The datasets for both languages were pre-processed using the following steps:

Punctuation removal (when punctuation is ignored). This type of pre-processing is a right choice under the assumption that the punctuation in generated answers will be restored afterward.
Punctuation separation (when punctuation is not removed, but separated from the tokens). This type allows training the generative chatbot on how to generate answers with words and punctuation marks at once. The punctuation is particularly important for languages (such as, e.g., Lithuanian) having relatively free word-order in a sentence where a single comma can absolutely change the sentence meaning. For example, the sentence Bausti negalima pasigailėti depending on the position of a comma can obtain two opposite meanings: Bausti, negalima pasigailėti (punishment, no mercy) and Bausti negalima, pasigailėti (no punishment, mercy).

4. Seq2seq Models

The seq2seq framework introduced by Google was initially applied to NMT tasks [13,25]. Later, in the field of NLP, seq2seq models were also used for text summarization [26], parsing [27], or generative chatbots (as presented in Section 2). These models can address the challenge of a variable input and output length.
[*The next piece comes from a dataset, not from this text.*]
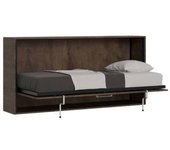 Cama abatible individual horizontal kando nogal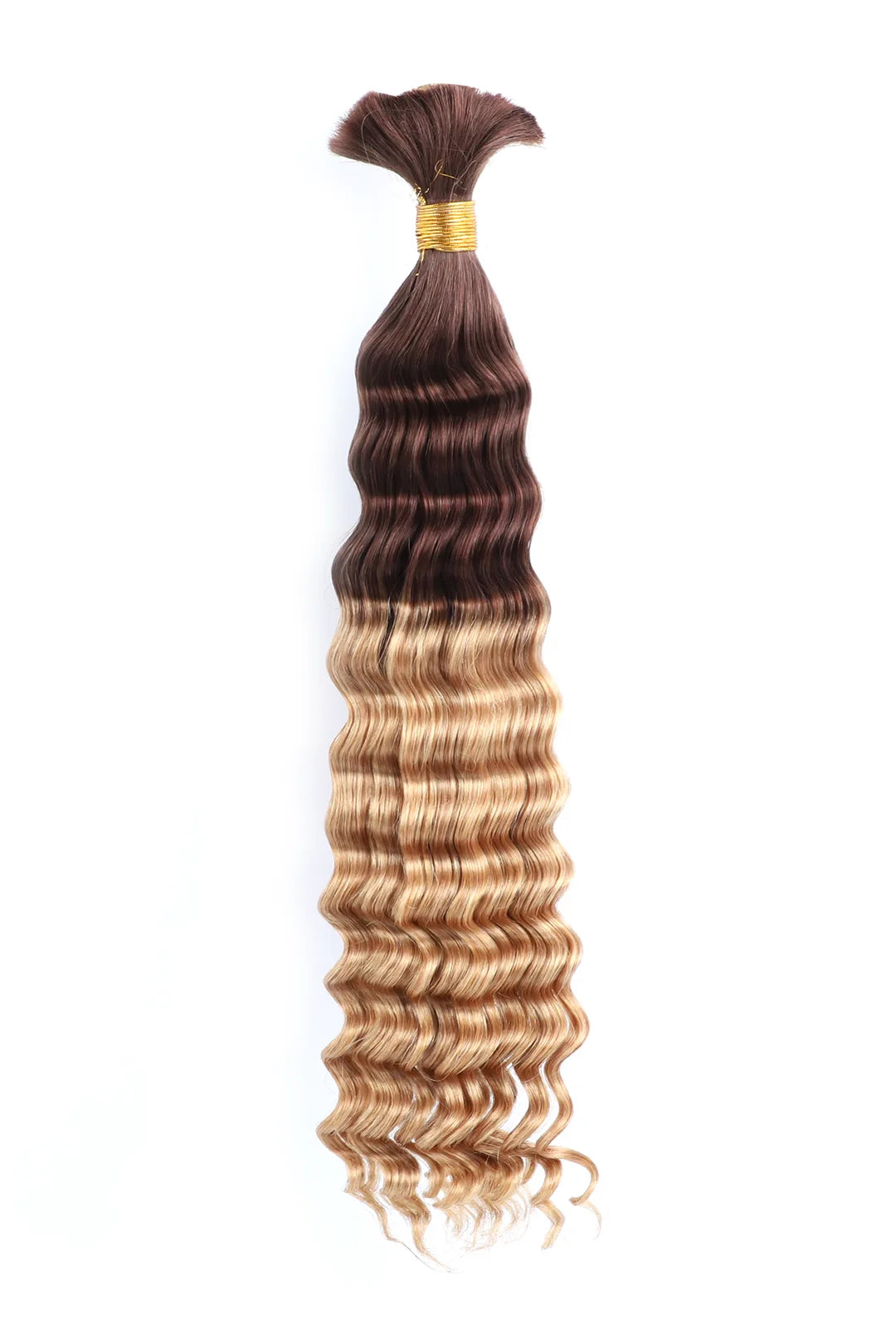 Two-tone Color #4/27 Deep Wave Bulk Hair Double Drawn BU61 1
Formally, the seq2seq task can be described as follows: let (x₁, x₂, …, x_n) be an input (question) sequence and (y₁, y₂, …, y_m) be an output (answer) sequence, not necessarily of the same length (n ≠ m). The architecture of seq2seq models contains two base components (see Figure 1): (1) anencoder, responsible for encoding the input (x₁, x₂, …, x_n) into an intermediate representation h_n^(Q) (which is the last hidden state of the encoder), and (2) a decoder, responsible for decoding the intermediate representation h_n^(Q) = h₀^(A) into the output (y₁, y₂, …, y_m). The conditional probability for (x₁, x₂, …, x_n) to generate (y₁, y₂, …, y_m) is presented in Equation (1).

p (y_{1}, y_{2}, \dots, y_{m} | x_{1}, x_{2}, \dots, x_{n}) = \prod_{t = 1}^{m} p (y_{t} | h_{n}^{(Q)}, y_{1}, \dots, y_{t - 1}) .

(1)

Figure 1. The basic recurrent-based encoder–decoder architecture.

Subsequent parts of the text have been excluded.